Our proposed method has four components:



(Minibatch learning) Use online nonnegative matrix factorization (online NMF) to learn “elemental” dictionary atoms which may be combined to approximate short time evolution patterns of correlated time-series data.


(Online learning) Further adapt the minibatch-learned dictionary atoms by traversing the time-series data using online NMF.


(Partial fitting and one-step prediction) Progressively improve our learned dictionary atoms by online learning while concurrently making one-step predictions by partial fitting.


(Recursive extrapolation) By recursively using the one-step predictions above, extrapolate into the future to predict future values of the time-series.

Our method enables us to learn dictionary atoms from a diverse collection of correlated time-series data (e.g. new daily cases of COVID-19, number of fatal and recovered cases, and degree of observance of social distancing measures). The learned dictionary atoms describe “elemental” short-time evolution patterns from the correlated data which may be superimposed to recover and even predict the original time-series data. Online Nonnegative Matrix Factorization is at the core of our learning algorithm, which continuously adapts and improves the learned dictionary atoms to newly arrived time-series data sets.

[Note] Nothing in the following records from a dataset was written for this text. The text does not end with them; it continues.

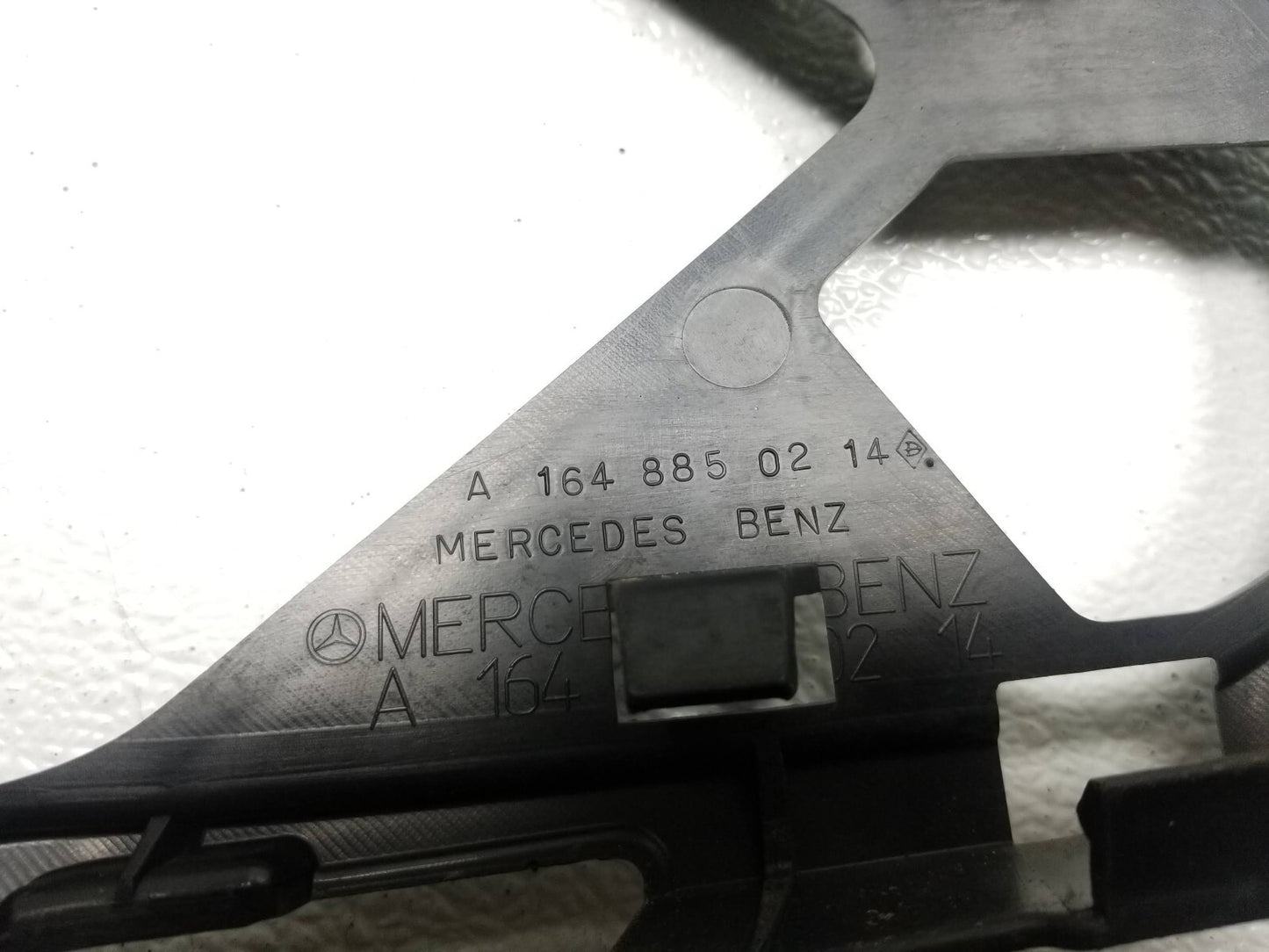 06-11 Mercedes W164 Ml Ml500 Rear Bumper Mount Bracket Right Pass Side OEM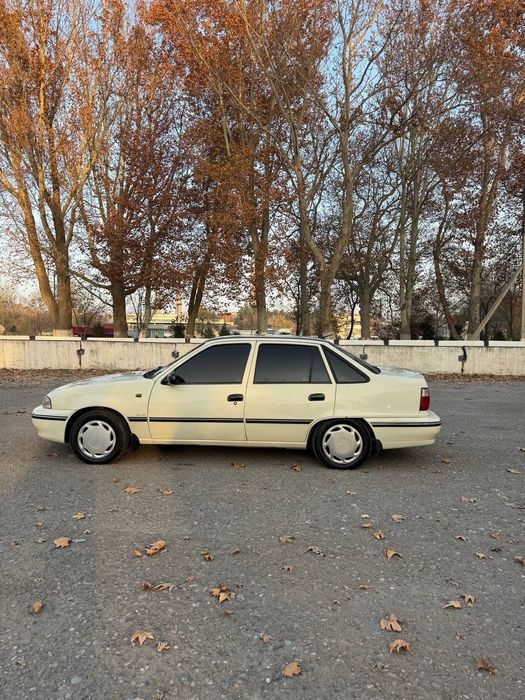 Некция 1 сотилади! 4200$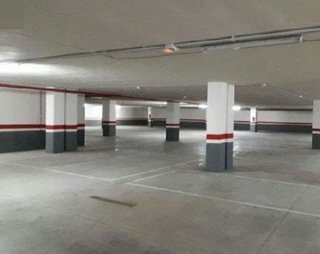 Garaje en venta en Este en Castellón de la Plana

There are a number of advantages of our proposed approach that may complement some of the shortcomings of the more traditional model-based approach or large-data-based machine learning approach. First, Our method is completely model-free and has the universality of data types, as the dictionary atoms directly learned from the data serve as the ‘model’ for prediction. Hence a similar method could be applied to predict not only the spread of the virus but also other related parameters. These include the spread of COVID-19 media information, medical and food supply shortages and demands, patient subgroup infections, immunity and many more. Second, our method does not lose interpretability as some of the deep-learning-based approaches do, which is particularly important in making predictions for health-related areas. Third, our method is computationally efficient and can be executed on a standard personal computer in a short time. This enables our method to be applied in real-time in online-setting to generate continuously improving prediction. Lastly, our method has a strong theoretical foundation based on the recent work [lyu2019online].

In this article, we demonstrate our general online NMF-based time-series prediction method on COVID-19 time-series data by learning a small number of fundamental time evolution patterns in joint time-series among the six countries in three different cases (confirmed/death/recovered) concurrently. Our analysis shows that we can indeed extract interpretable dictionary atoms for short-time evolution of such correlated time-series and use them to get accurate short-time predictions with a small variation. This approach could further be extended by augmenting various other types of correlated time-series data set that may contain nontrivial information on the spread of COVID-19 (e.g. time-series quantifying commodity, movement, and media data).

This paper is organized as follows. In Section LABEL:section:algorithms, we give a brief overview of dictionary learning by nonnegative matrix factorization, and provide the full statement of our learning and prediction algorithms. In Subsection LABEL:subsection:data_Set, we give a description of the time-series data set of new COVID-19 cases and discuss a number of pre-processing methods for regularizing high fluctuations in the data set. Then we discuss our data analysis scheme and simulation setup in Subsection LABEL:subsection:scheme. In the following subsections LABEL:subsection:minibatch-LABEL:subsection:prediction, we present our main simulation results. Finally, we conclude and suggest further directions in Section LABEL:section:conclusion.